EXERCISE DESCRIPTION – A faithful copy of the data, pictures omitted, is the required answer.

GIVEN ENTRIES –
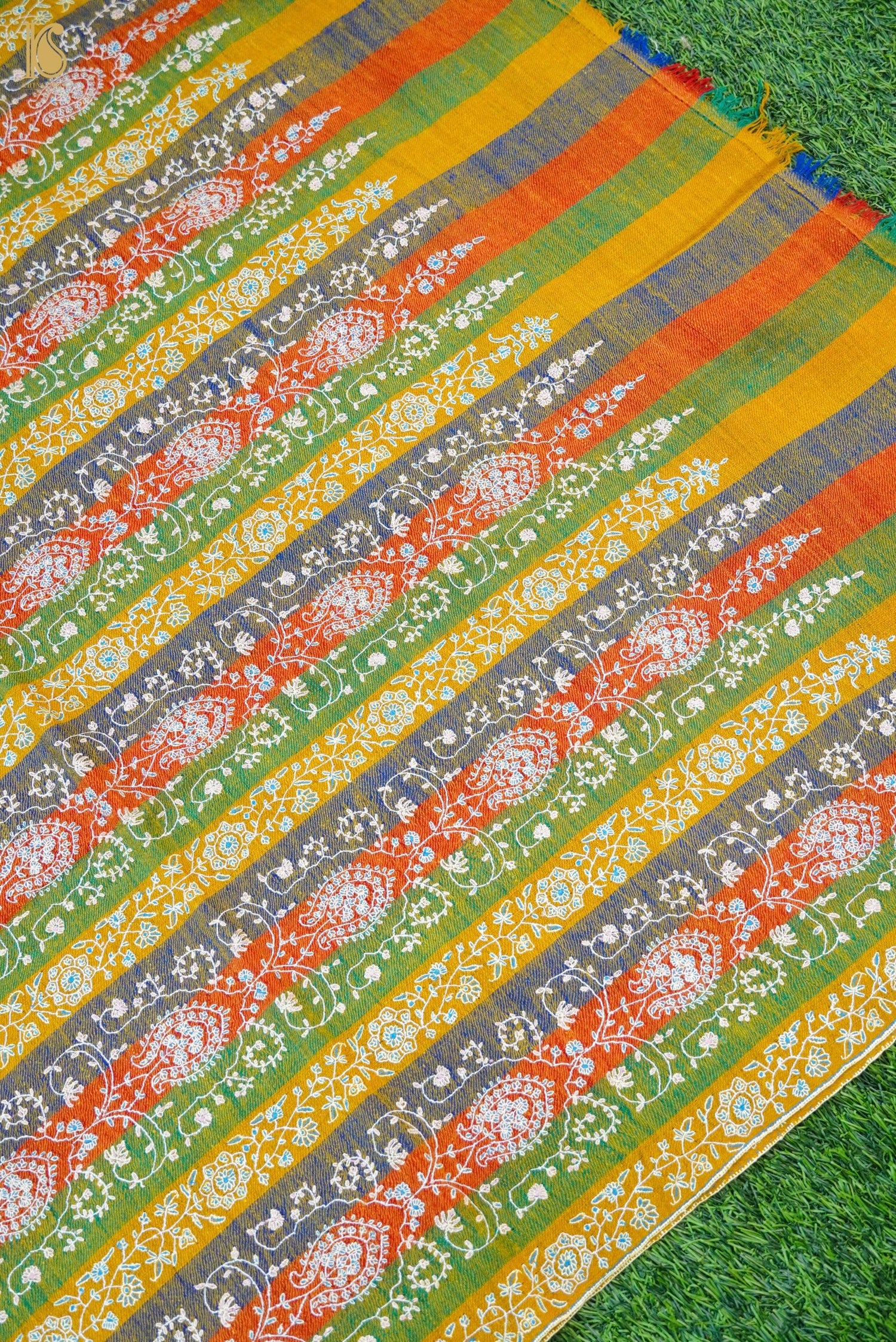 Pashmina Handwoven Sozni Kashmir Shawl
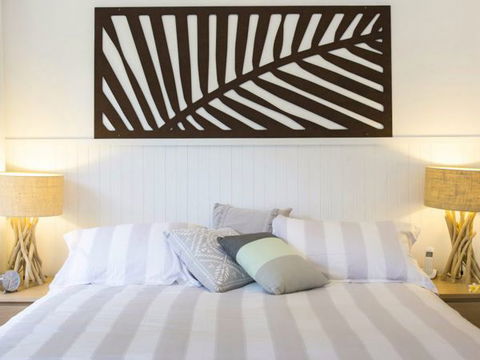 Admiralty Apartments - Car Rental 3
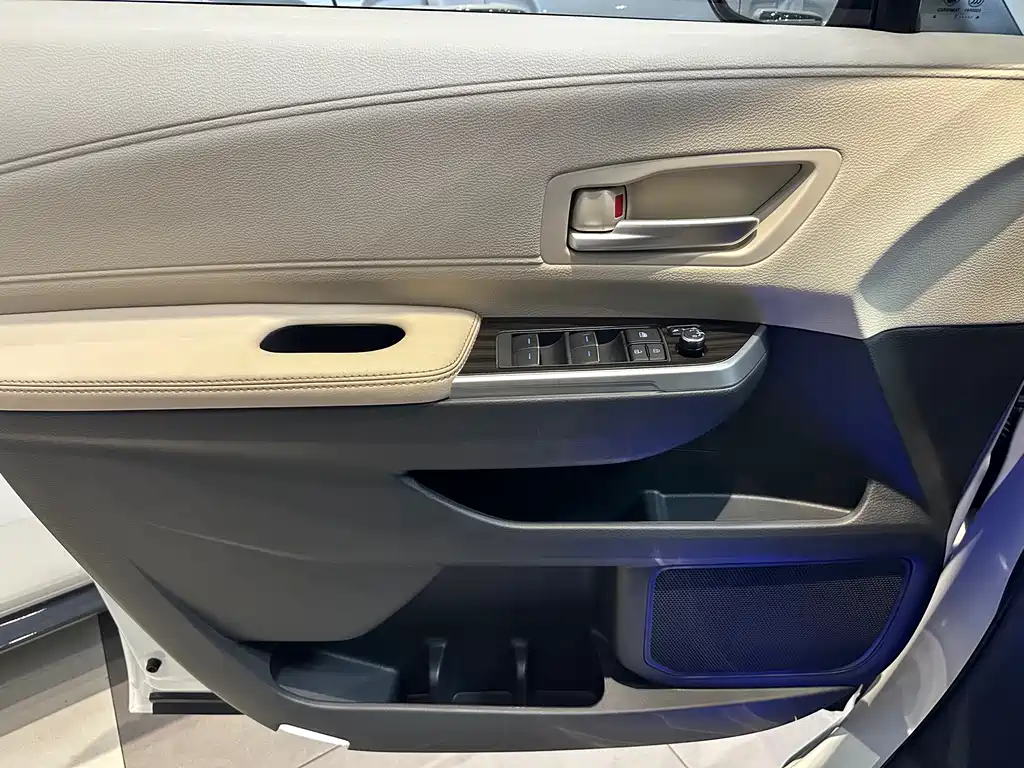 SIENNA 2021 2.5L Hybrid Premium Edition купить на сайте DeffCars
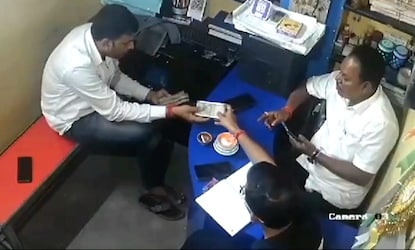 বিধায়কের উপস্থিতিতে টাকা ভাগ করছেন নেতারা! কী বলছে তৃণমূল নেতৃত্ব?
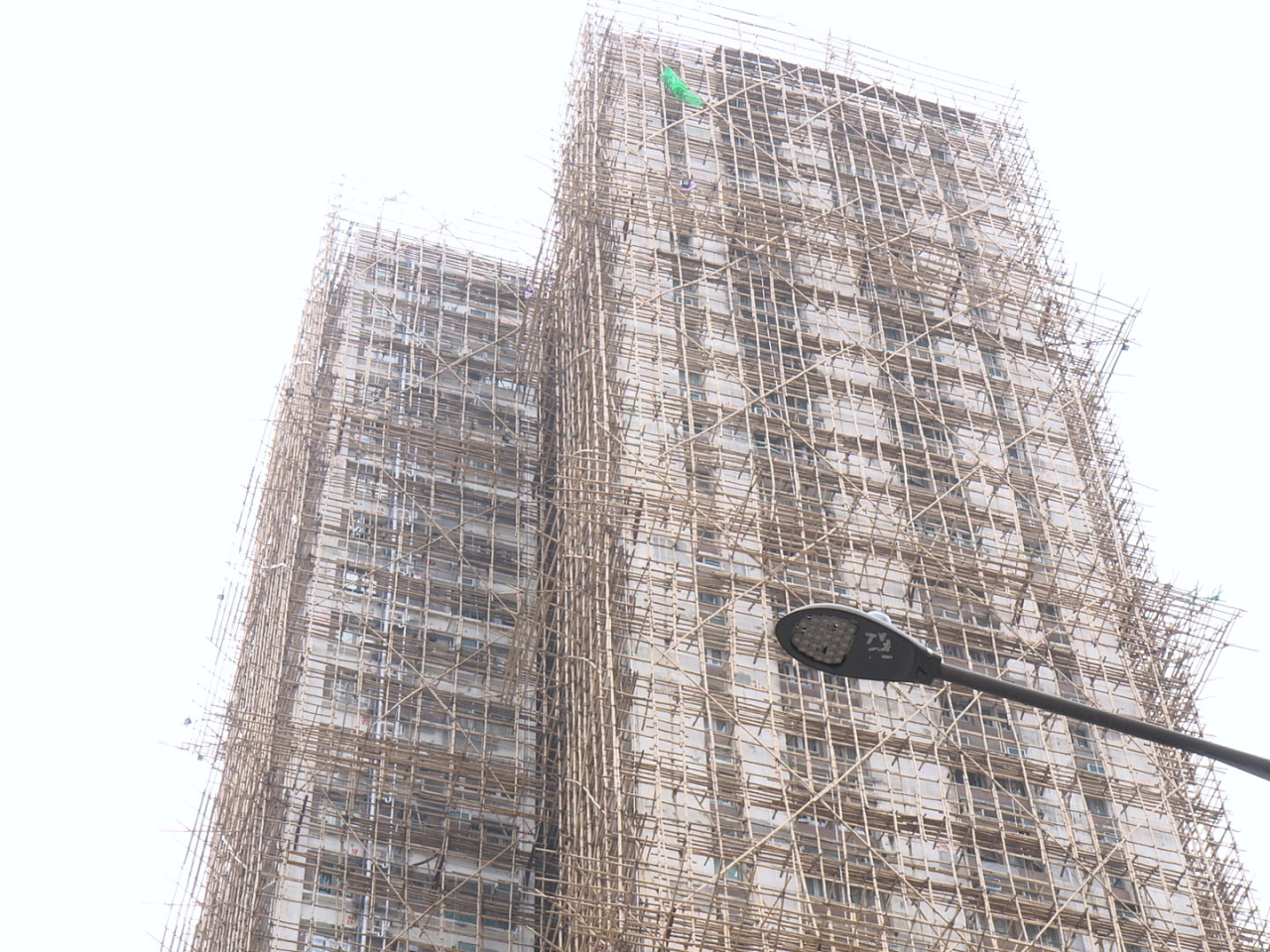 勞工處表示，自上月28日起展開的全港性特別執法行動，重點巡查大型棚架的樓宇維修工地。（港台圖片）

WRITTEN SOLUTION –
 Pashmina Handwoven Sozni Kashmir Shawl
 Admiralty Apartments - Car Rental 3
 SIENNA 2021 2.5L Hybrid Premium Edition купить на сайте DeffCars
 বিধায়কের উপস্থিতিতে টাকা ভাগ করছেন নেতারা! কী বলছে তৃণমূল নেতৃত্ব?
 勞工處表示，自上月28日起展開的全港性特別執法行動，重點巡查大型棚架的樓宇維修工地。（港台圖片）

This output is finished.